WHAT IS NEEDED:
Please output the listing below character for character and omit the images.
· · · · ·
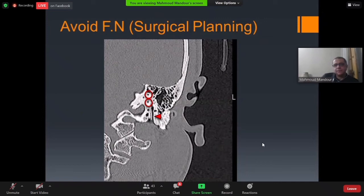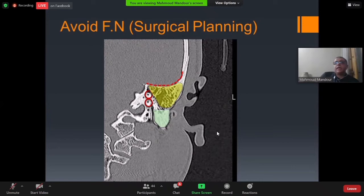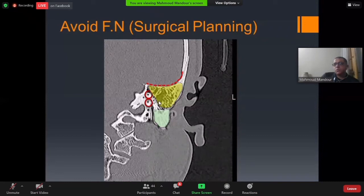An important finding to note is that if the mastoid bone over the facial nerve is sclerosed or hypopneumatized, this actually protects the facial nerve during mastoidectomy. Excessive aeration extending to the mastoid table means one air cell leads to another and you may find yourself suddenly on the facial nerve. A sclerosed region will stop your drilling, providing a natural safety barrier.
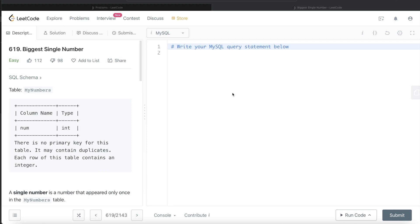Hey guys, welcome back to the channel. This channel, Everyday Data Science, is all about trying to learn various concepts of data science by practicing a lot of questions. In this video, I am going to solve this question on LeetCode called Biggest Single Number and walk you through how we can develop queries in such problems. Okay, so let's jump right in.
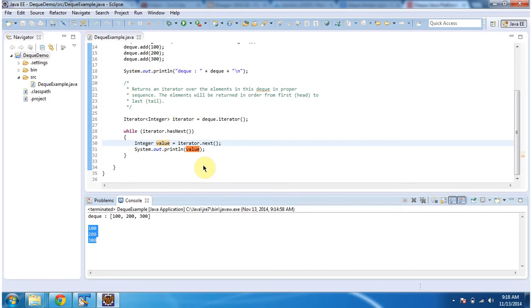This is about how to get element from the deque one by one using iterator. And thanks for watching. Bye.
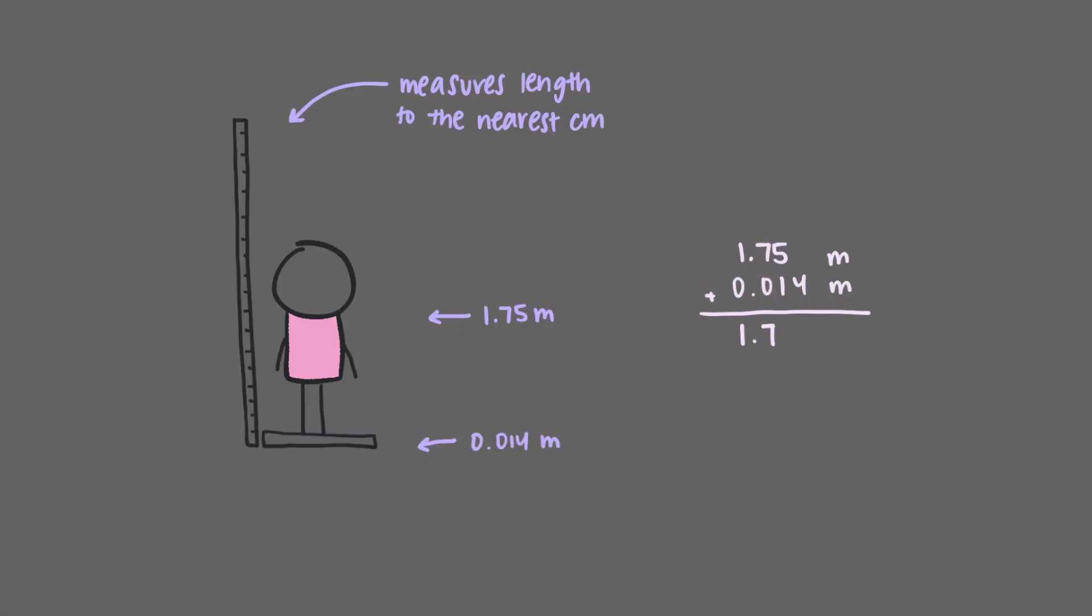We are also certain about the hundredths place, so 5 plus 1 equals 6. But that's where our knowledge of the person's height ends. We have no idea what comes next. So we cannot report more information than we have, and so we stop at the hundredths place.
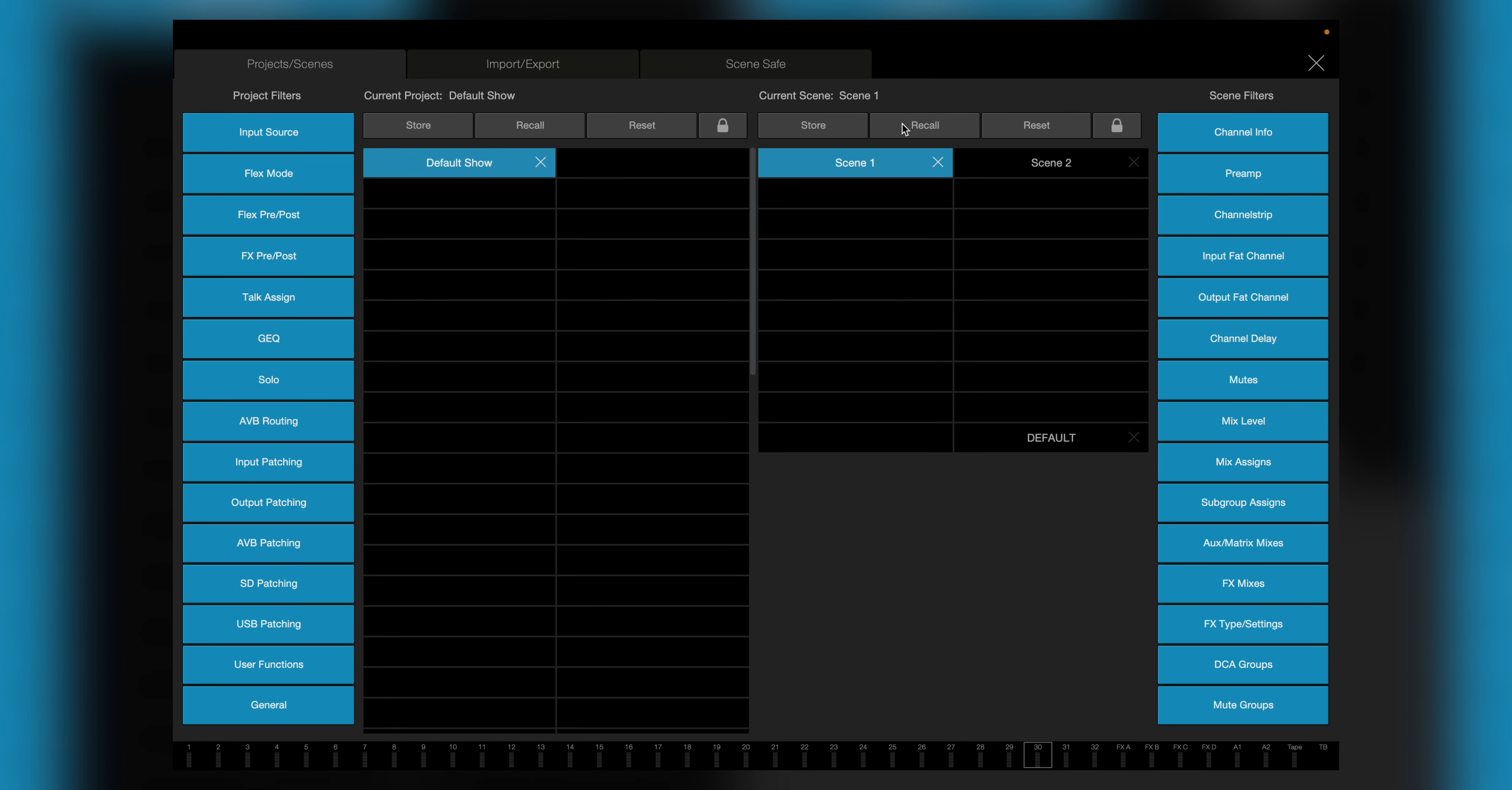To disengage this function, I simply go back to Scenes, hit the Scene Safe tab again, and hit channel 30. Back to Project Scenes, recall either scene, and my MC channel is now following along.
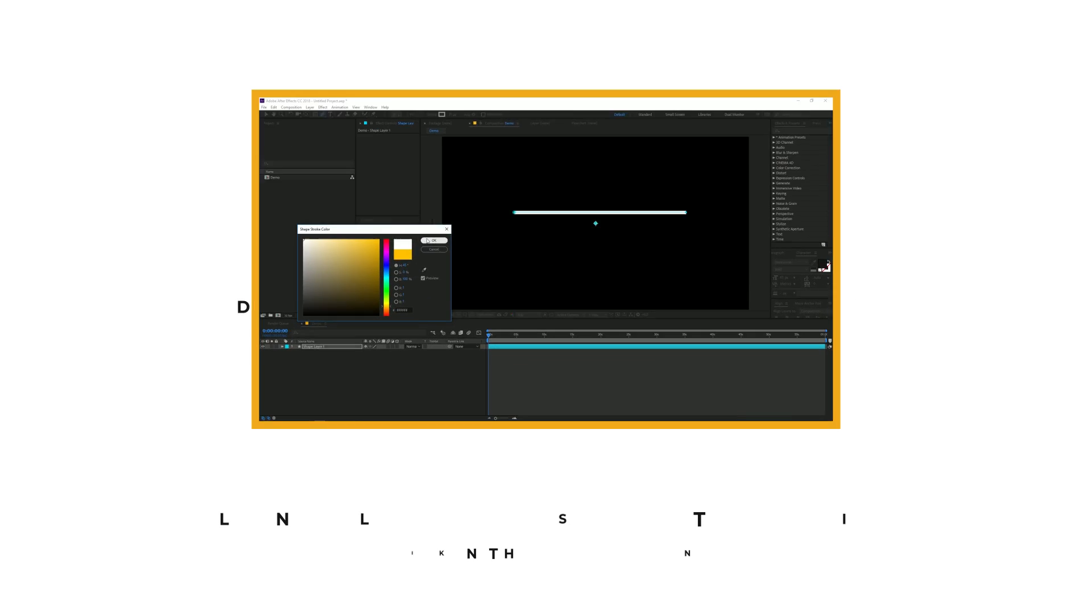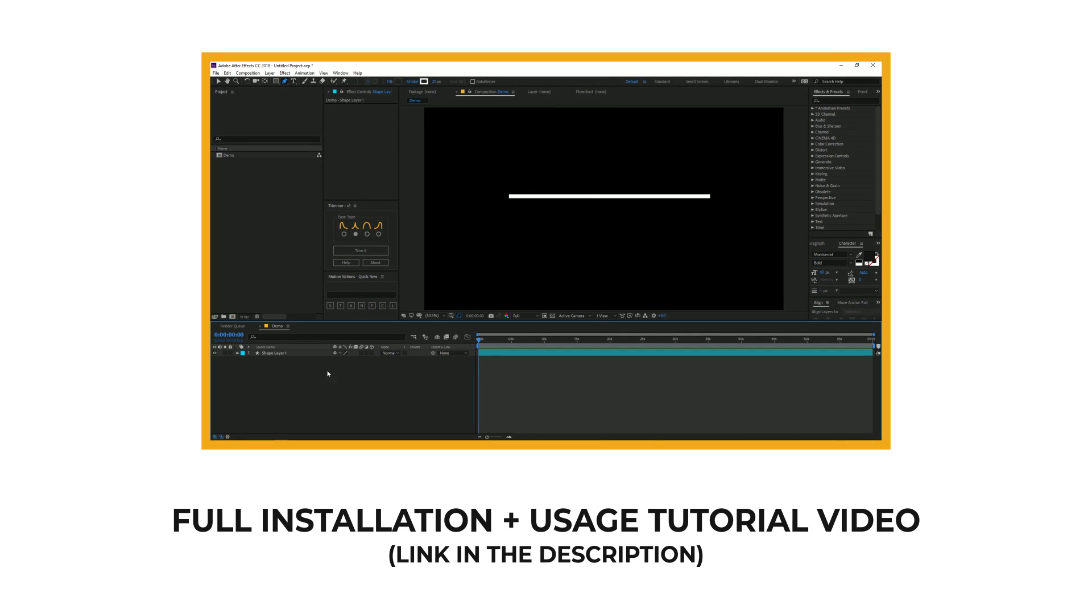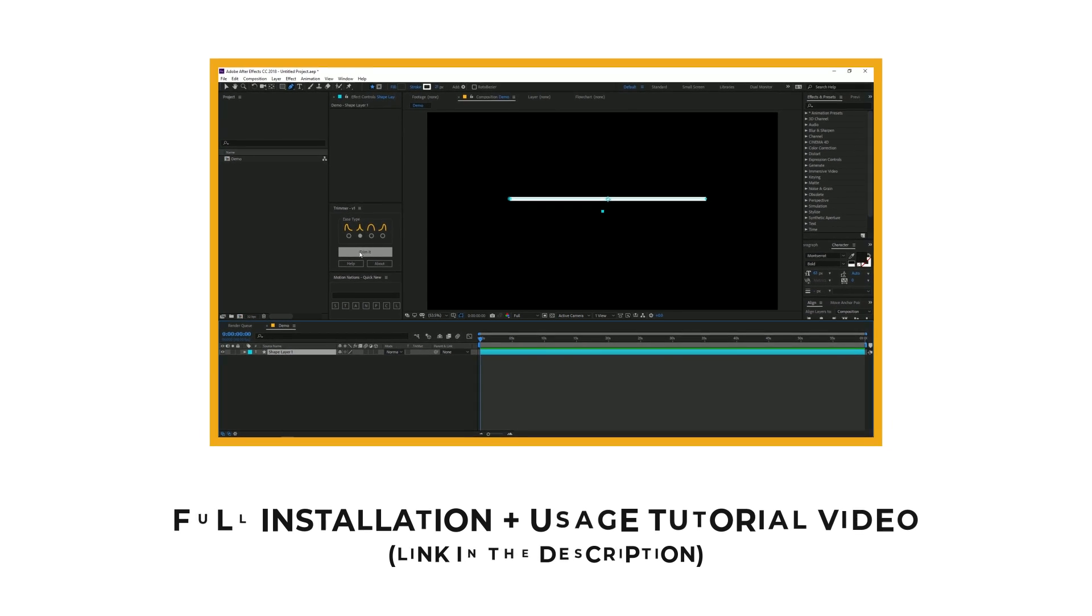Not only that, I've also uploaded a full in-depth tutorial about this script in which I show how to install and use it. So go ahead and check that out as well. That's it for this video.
· · · · ·
REPLY TO THE TASK:
An important finding to note is that if the mastoid bone over the facial nerve is sclerosed or hypopneumatized, this actually protects the facial nerve during mastoidectomy. Excessive aeration extending to the mastoid table means one air cell leads to another and you may find yourself suddenly on the facial nerve. A sclerosed region will stop your drilling, providing a natural safety barrier.
Hey guys, welcome back to the channel. This channel, Everyday Data Science, is all about trying to learn various concepts of data science by practicing a lot of questions. In this video, I am going to solve this question on LeetCode called Biggest Single Number and walk you through how we can develop queries in such problems. Okay, so let's jump right in.
This is about how to get element from the deque one by one using iterator. And thanks for watching. Bye.
We are also certain about the hundredths place, so 5 plus 1 equals 6. But that's where our knowledge of the person's height ends. We have no idea what comes next. So we cannot report more information than we have, and so we stop at the hundredths place.
To disengage this function, I simply go back to Scenes, hit the Scene Safe tab again, and hit channel 30. Back to Project Scenes, recall either scene, and my MC channel is now following along.
Not only that, I've also uploaded a full in-depth tutorial about this script in which I show how to install and use it. So go ahead and check that out as well. That's it for this video.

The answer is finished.